Your task -> With pictures left out, copy exactly every line from the one containing "Used Cadillac CT4" through the end of the material.
::: Recorded data :::
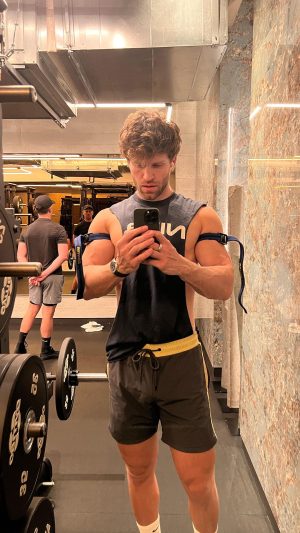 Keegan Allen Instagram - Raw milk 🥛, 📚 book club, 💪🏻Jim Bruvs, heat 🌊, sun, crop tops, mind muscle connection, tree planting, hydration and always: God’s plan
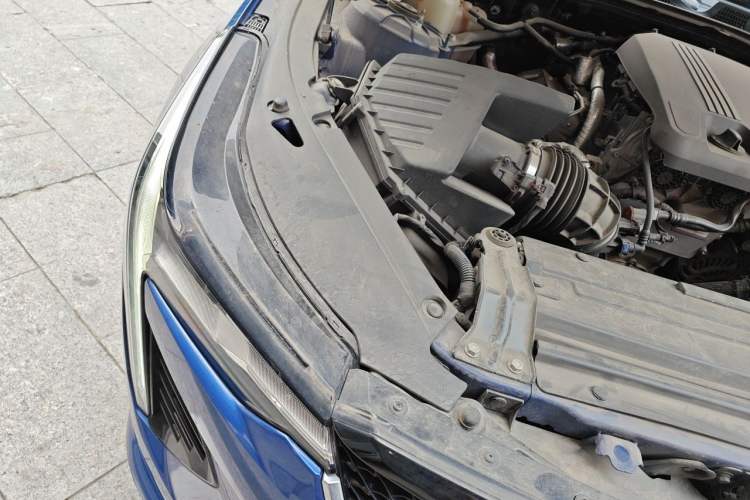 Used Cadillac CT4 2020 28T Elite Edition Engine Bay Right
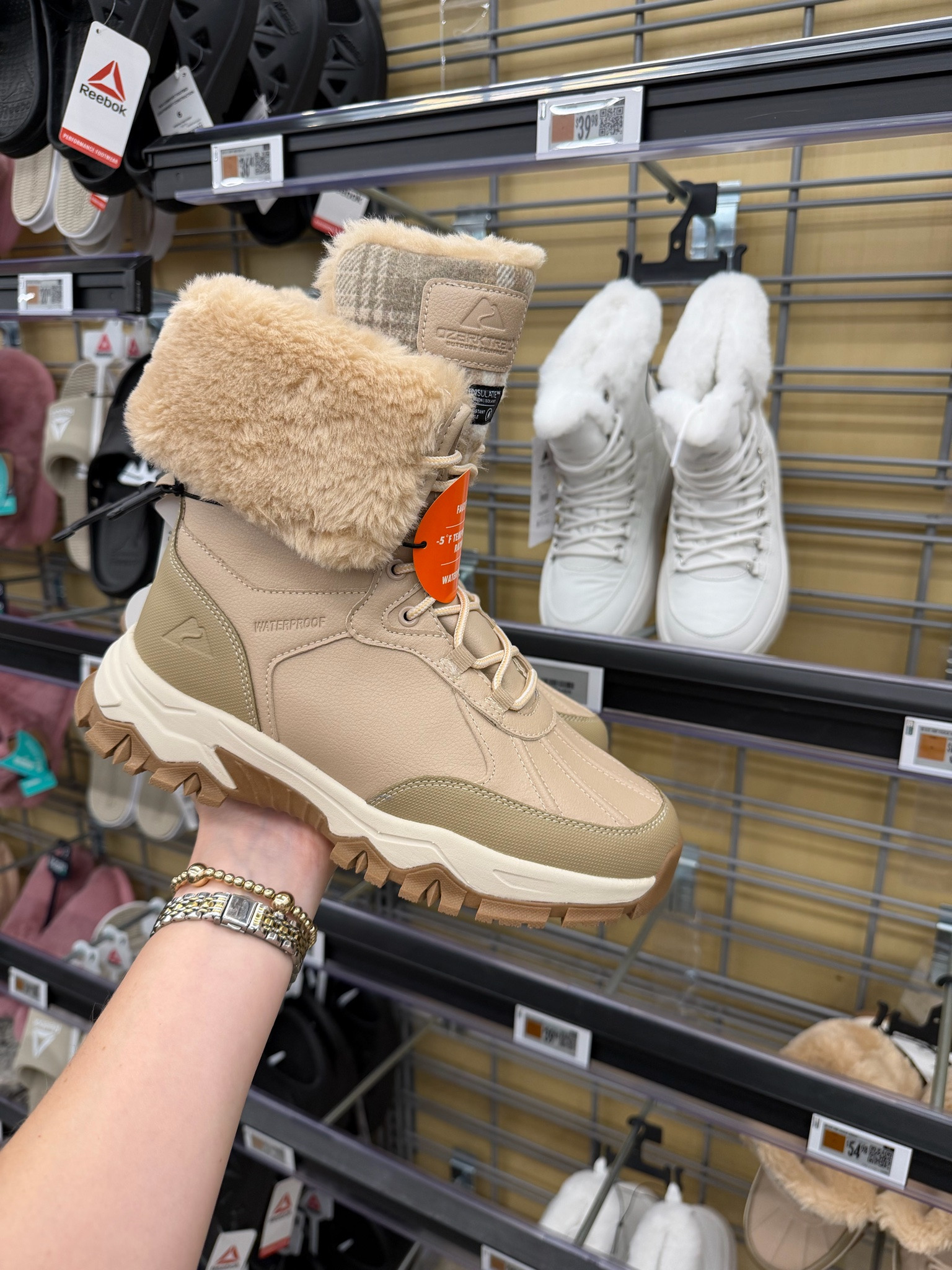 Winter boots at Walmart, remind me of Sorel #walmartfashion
:::
Your solution ->
 Used Cadillac CT4 2020 28T Elite Edition Engine Bay Right
 Winter boots at Walmart, remind me of Sorel #walmartfashion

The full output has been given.